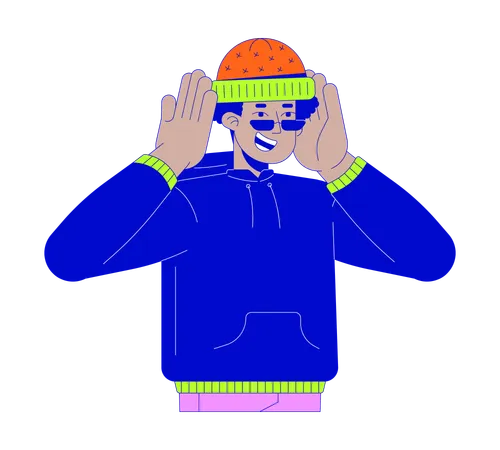 Hombre latino feliz con gorro  Ilustración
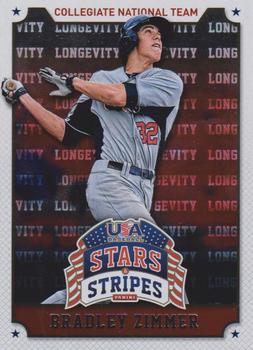 2015 Panini USA Baseball Stars & Stripes - Longevity #15 Bradley Zimmer Front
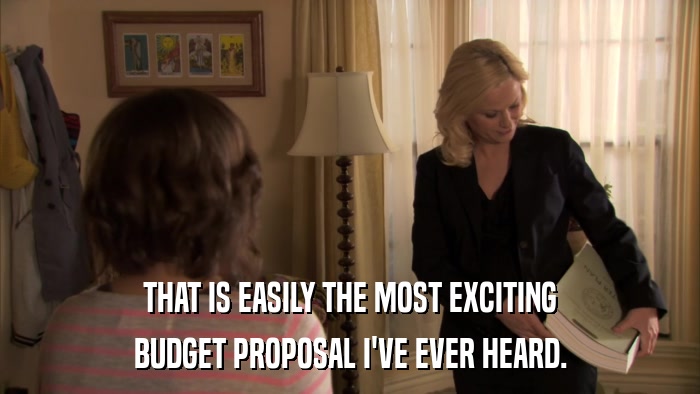 THAT IS EASILY THE MOST EXCITING BUDGET PROPOSAL I'VE EVER HEARD. 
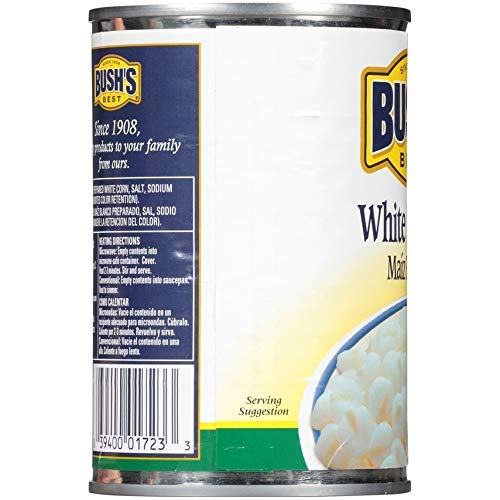 Bushs Best Hominy White, 15.5 Oz Can, 12 Pack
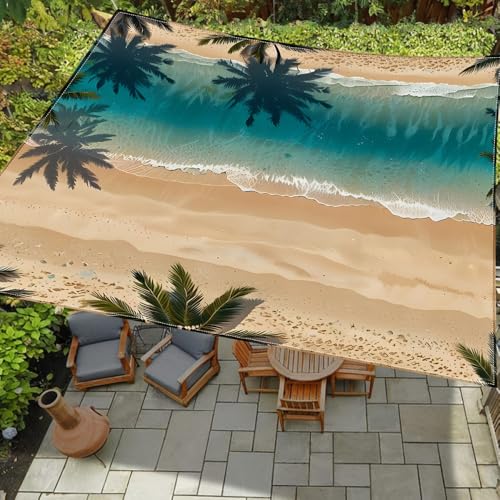 Highdi 3D Sonnensegel Wasserdicht Rechteckig Sonnenschutz mit UV Schutz, Terrasse Garten Camping Sonnensegel Balkon Sonnenschutz Segeltuch inkl 4 Seil (Meer,1,8x1,8m) von Highdi
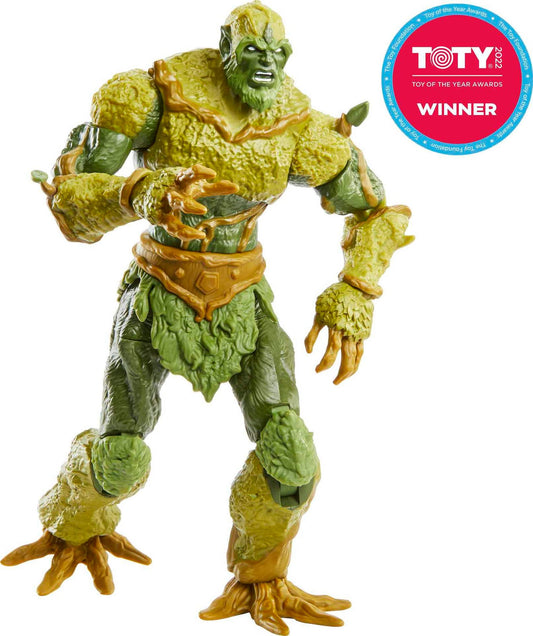 Masters of the Universe Moss Man with swappable parts for customization on MOTU shelves.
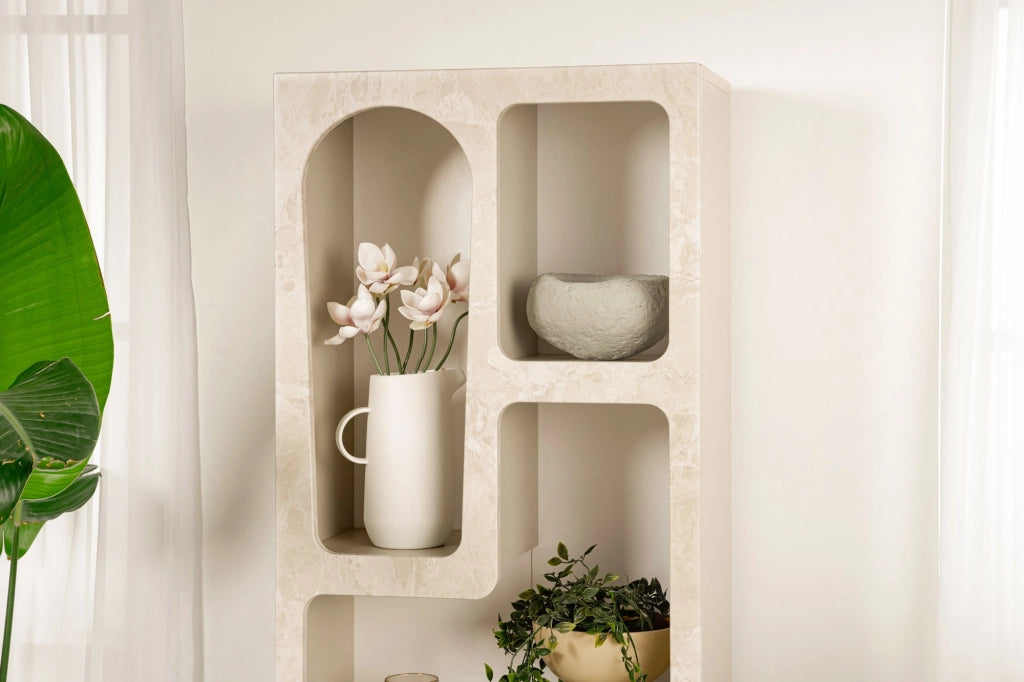 Libreria in legno "Venüs" 60 x 32 x 150 cm - marmo travertino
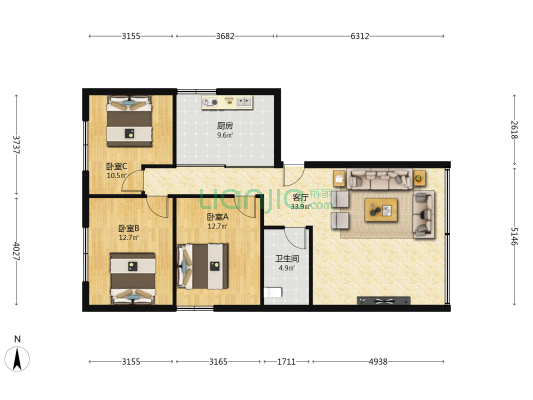 麒龙润园小区 3室1厅1卫 108平方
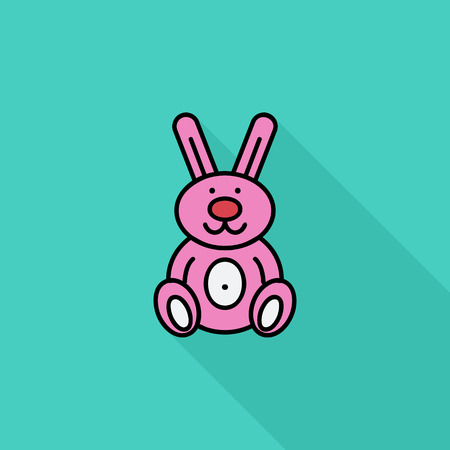 Rabbit toy icon. Flat vector related icon with long shadow for web and mobile applications. It can be used as - logo, pictogram, icon, infographic element. Vector Illustration.のイラスト素材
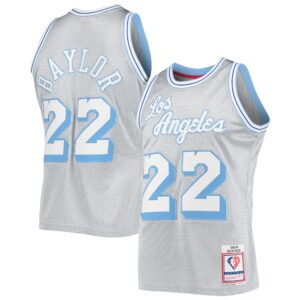 Elgin Baylor Los Angeles Lakers Mitchell & Ness 75th Anniversary 1960/61 Hardwood Classics Swingman Jersey - Silver
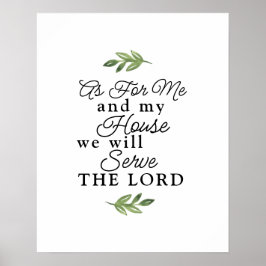 Poster Joshua 24:15 Para Mim E Minha Casa Greenery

···

TASK DETAILS ::
Pictures do not belong in the copy; repeat the rest of the listing exactly.

SOLUTION TO THIS TASK ::
 Hombre latino feliz con gorro  Ilustración
 2015 Panini USA Baseball Stars & Stripes - Longevity #15 Bradley Zimmer Front
 THAT IS EASILY THE MOST EXCITING BUDGET PROPOSAL I'VE EVER HEARD. 
 Bushs Best Hominy White, 15.5 Oz Can, 12 Pack
 Highdi 3D Sonnensegel Wasserdicht Rechteckig Sonnenschutz mit UV Schutz, Terrasse Garten Camping Sonnensegel Balkon Sonnenschutz Segeltuch inkl 4 Seil (Meer,1,8x1,8m) von Highdi
 Masters of the Universe Moss Man with swappable parts for customization on MOTU shelves.
 Libreria in legno "Venüs" 60 x 32 x 150 cm - marmo travertino
 麒龙润园小区 3室1厅1卫 108平方
 Rabbit toy icon. Flat vector related icon with long shadow for web and mobile applications. It can be used as - logo, pictogram, icon, infographic element. Vector Illustration.のイラスト素材
 Elgin Baylor Los Angeles Lakers Mitchell & Ness 75th Anniversary 1960/61 Hardwood Classics Swingman Jersey - Silver
 Poster Joshua 24:15 Para Mim E Minha Casa Greenery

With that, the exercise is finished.